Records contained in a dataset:

--- START ---

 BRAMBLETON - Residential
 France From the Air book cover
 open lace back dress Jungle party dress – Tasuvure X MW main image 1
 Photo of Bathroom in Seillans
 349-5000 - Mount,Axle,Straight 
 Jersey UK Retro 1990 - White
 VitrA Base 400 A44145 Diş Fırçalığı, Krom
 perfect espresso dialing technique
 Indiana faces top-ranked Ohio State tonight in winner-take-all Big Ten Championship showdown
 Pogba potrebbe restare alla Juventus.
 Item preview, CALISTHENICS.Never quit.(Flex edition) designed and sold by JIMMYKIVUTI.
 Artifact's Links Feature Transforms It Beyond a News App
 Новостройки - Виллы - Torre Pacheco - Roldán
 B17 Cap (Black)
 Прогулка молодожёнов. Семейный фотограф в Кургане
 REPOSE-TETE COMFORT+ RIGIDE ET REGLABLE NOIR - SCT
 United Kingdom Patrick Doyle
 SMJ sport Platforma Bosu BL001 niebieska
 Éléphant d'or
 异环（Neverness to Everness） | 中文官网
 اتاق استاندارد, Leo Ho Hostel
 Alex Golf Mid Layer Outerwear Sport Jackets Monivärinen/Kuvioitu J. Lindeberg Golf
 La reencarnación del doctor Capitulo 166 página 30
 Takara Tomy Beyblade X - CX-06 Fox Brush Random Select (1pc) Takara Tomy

--- END ---

WHAT THE TASK REQUIRES. Starting at the line in the records above that contains "United Kingdom Patrick Doyle", output every line up to and including the last one, with nothing added.

EXERCISE RESULT.
 United Kingdom Patrick Doyle
 SMJ sport Platforma Bosu BL001 niebieska
 Éléphant d'or
 异环（Neverness to Everness） | 中文官网
 اتاق استاندارد, Leo Ho Hostel
 Alex Golf Mid Layer Outerwear Sport Jackets Monivärinen/Kuvioitu J. Lindeberg Golf
 La reencarnación del doctor Capitulo 166 página 30
 Takara Tomy Beyblade X - CX-06 Fox Brush Random Select (1pc) Takara Tomy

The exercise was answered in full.